● Your assignment
Set down exactly the lines from the first line of the records through the line that contains "Inktastic Tow Truck", and leave every picture out.
================
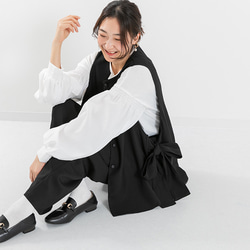 【全３色】洗えるセレモニーベスト サイドリボン ノーカラーAラインベスト 25038 9枚目の画像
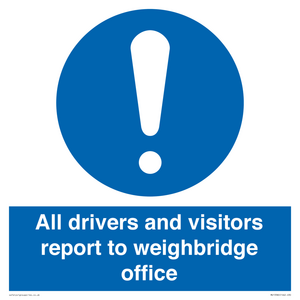All drivers and visitors report to weighbridge office
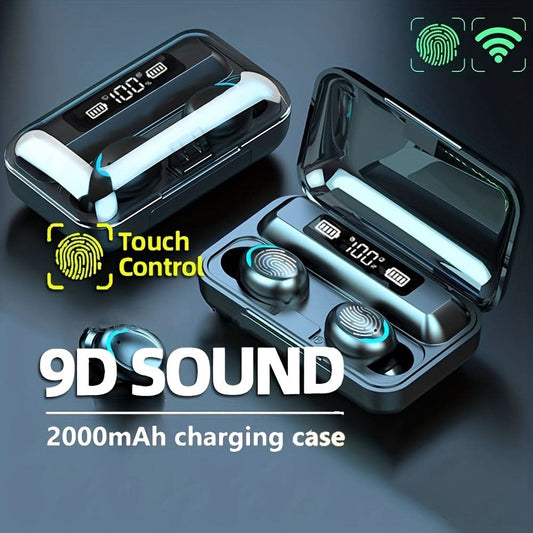 TWS Wireless Earbuds with Charging Case, Hi-Fi Stereo Sound
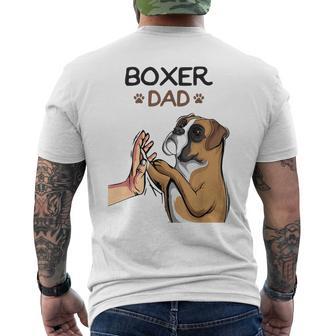 Boxer Dog Papa T-Shirt mit Rückendruck - Geschenkecke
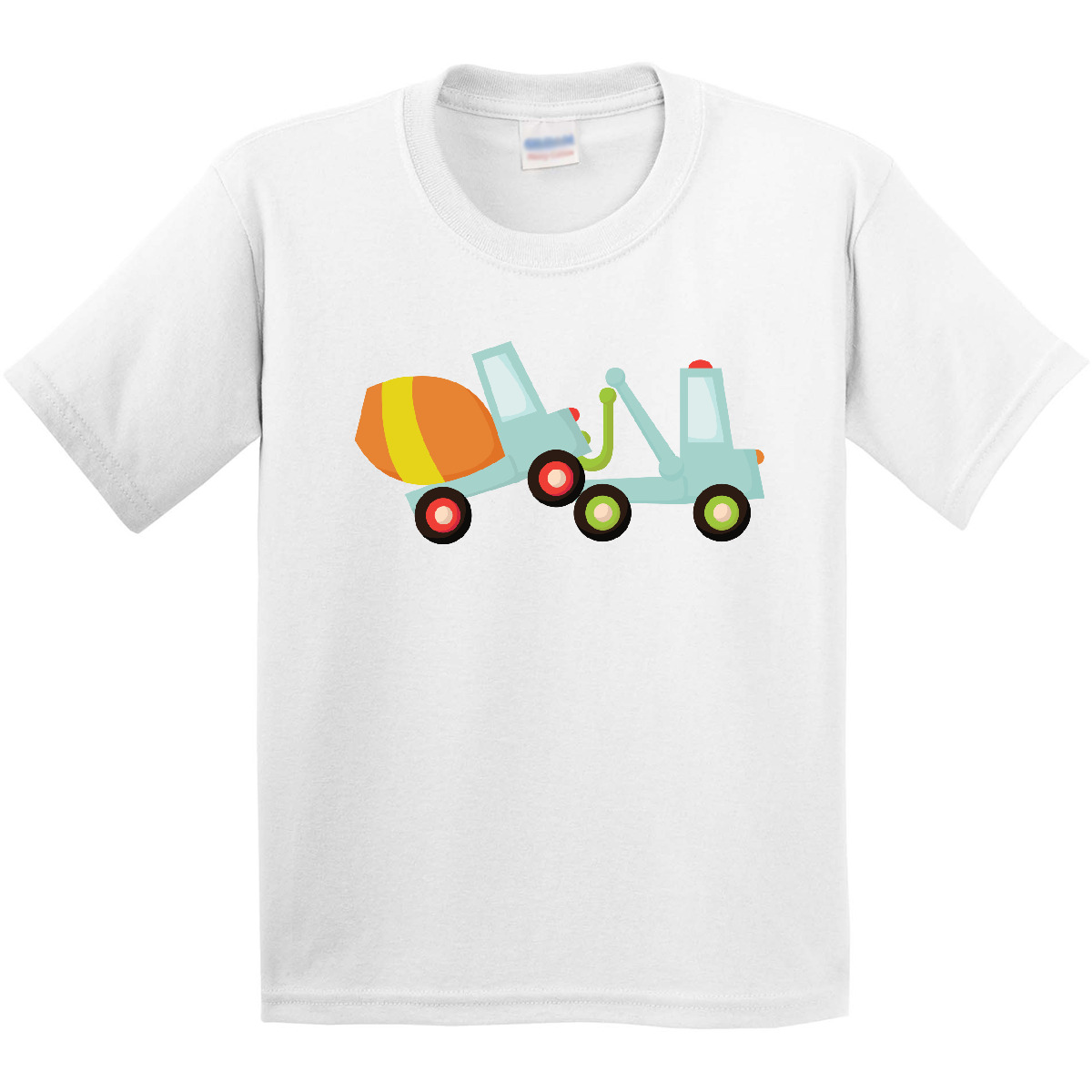 Inktastic Tow Truck Construction Youth T-Shirt Cement Mixer Trucks Worker Cute - Picture 10 of 10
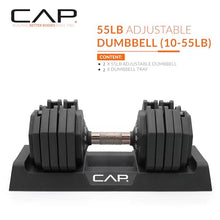 Load image into Gallery viewer, CAP Barbell 55 lb Pair of Adjustable Dumbbells with Full Rotation Copper Handle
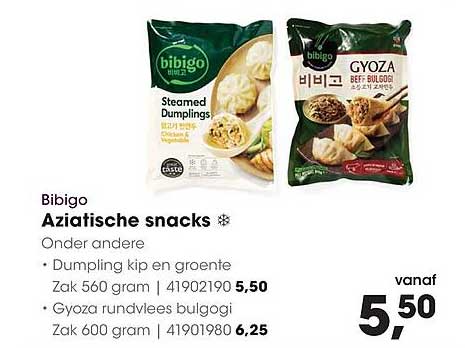 Bibigo Aziatische snacks
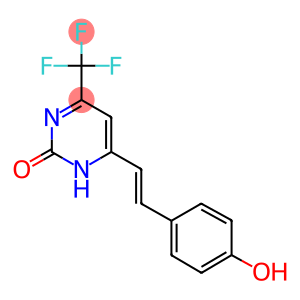 6-[(E)-2-(4-HYDROXYPHENYL)VINYL]-4-(TRIFLUOROMETHYL)PYRIMIDIN-2(1H)-ONE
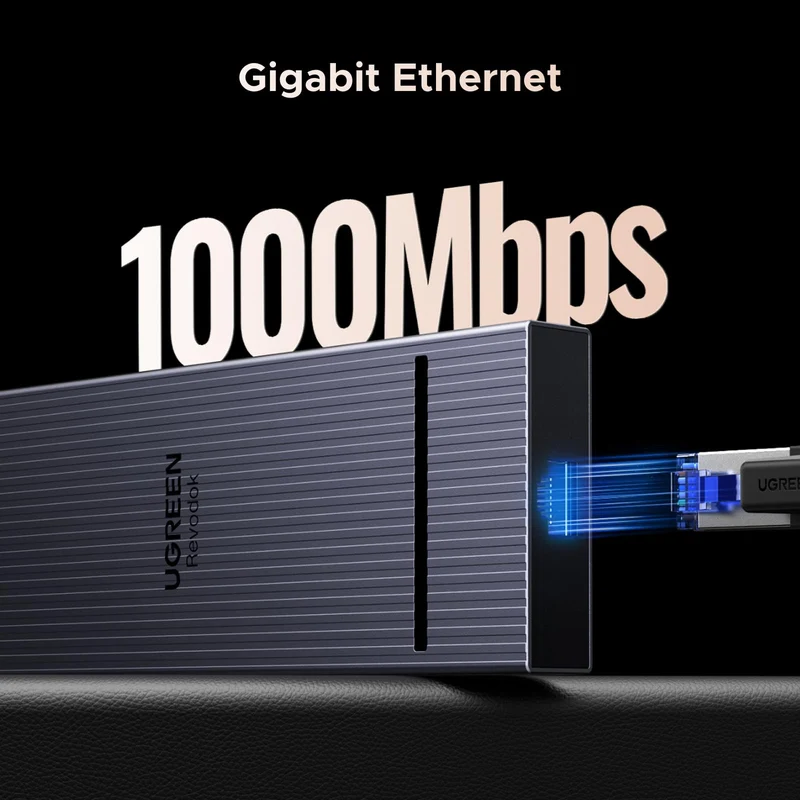 UGREEN Revodok Pro 3121 Hub USB-C 12-en-1 (HDMI 4K@60Hz, DP 4K@120Hz, Triple Affichage, 10 Gbps, PD 100 W)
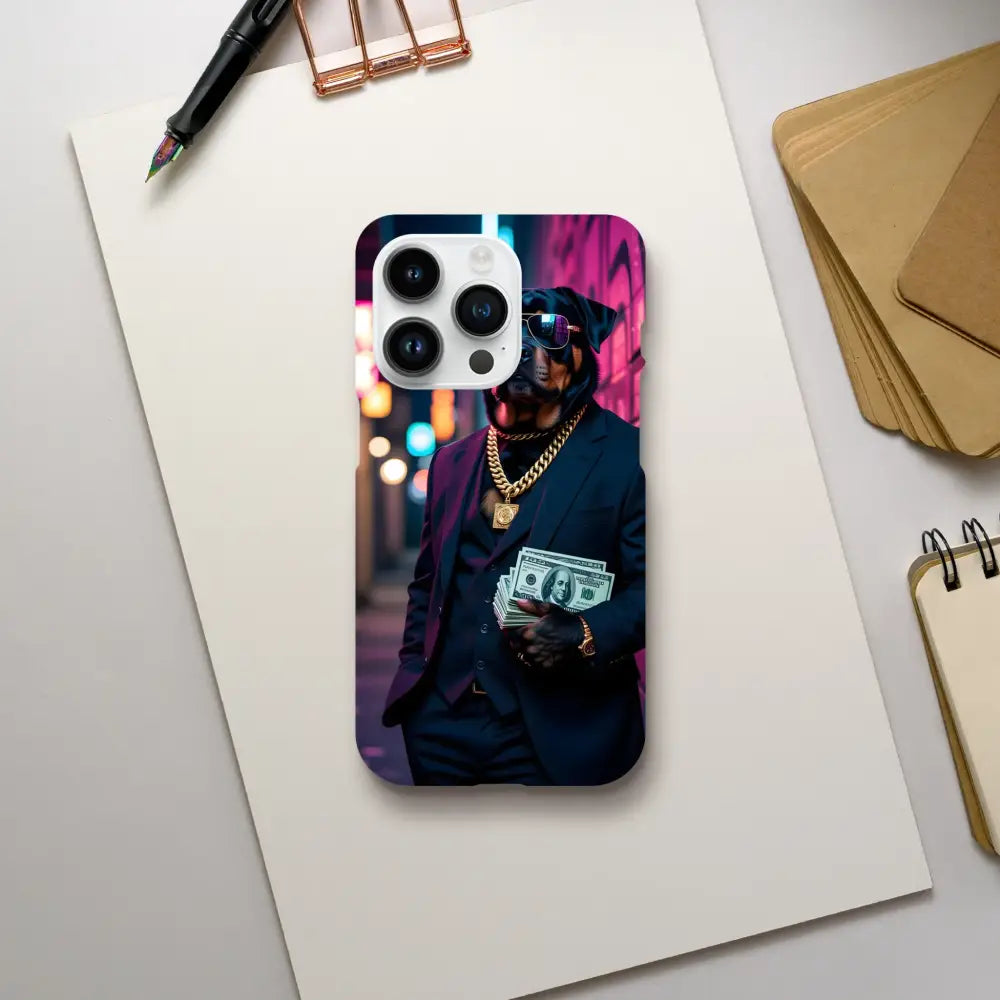 Dog-themed iPhone Slim Case Kingpin K9 from PixiOnyx Street Style product image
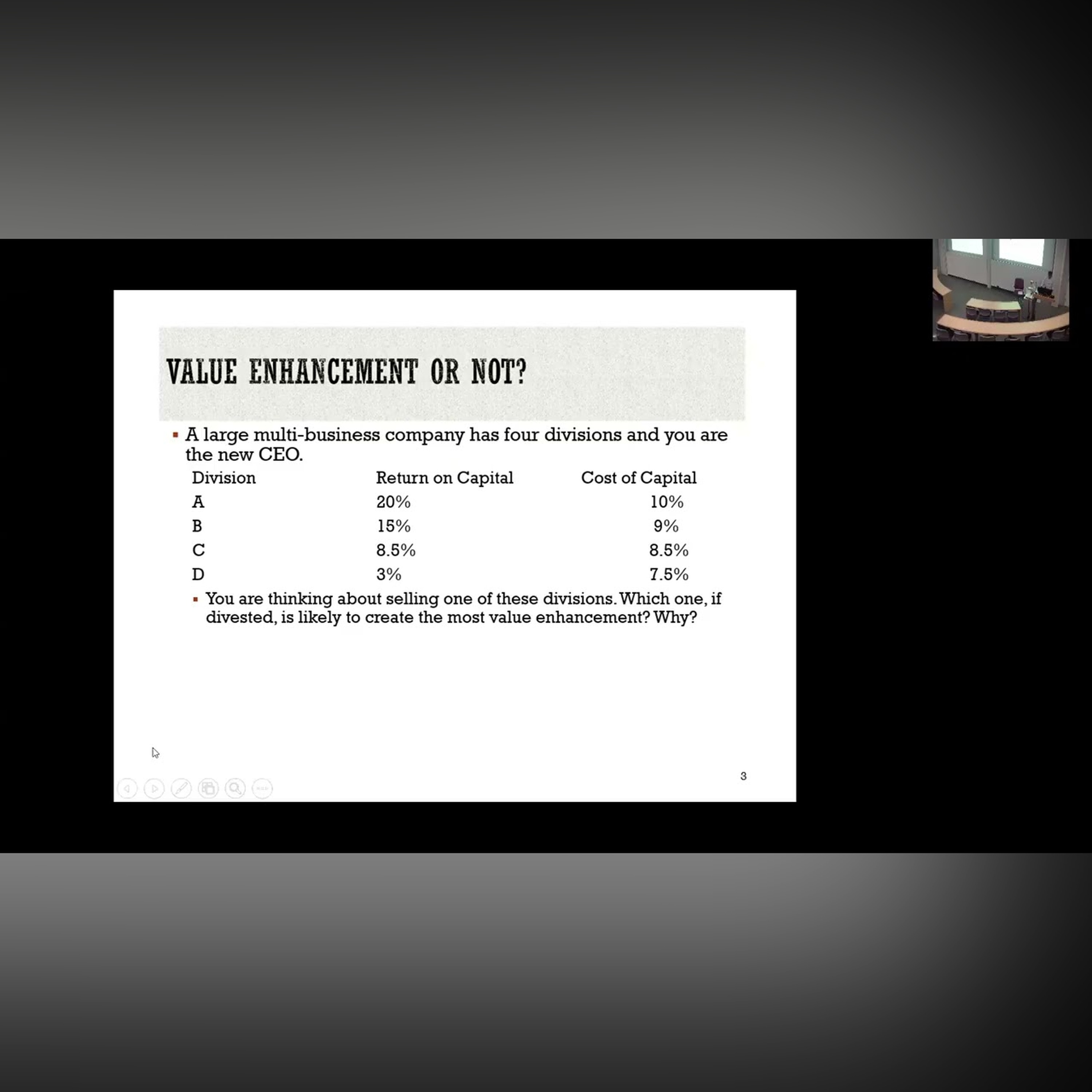 Session 25: Acquisition Closure + Value Enhancement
================
● Solution for this task
 【全３色】洗えるセレモニーベスト サイドリボン ノーカラーAラインベスト 25038 9枚目の画像
All drivers and visitors report to weighbridge office
 TWS Wireless Earbuds with Charging Case, Hi-Fi Stereo Sound
 Boxer Dog Papa T-Shirt mit Rückendruck - Geschenkecke
 Inktastic Tow Truck Construction Youth T-Shirt Cement Mixer Trucks Worker Cute - Picture 10 of 10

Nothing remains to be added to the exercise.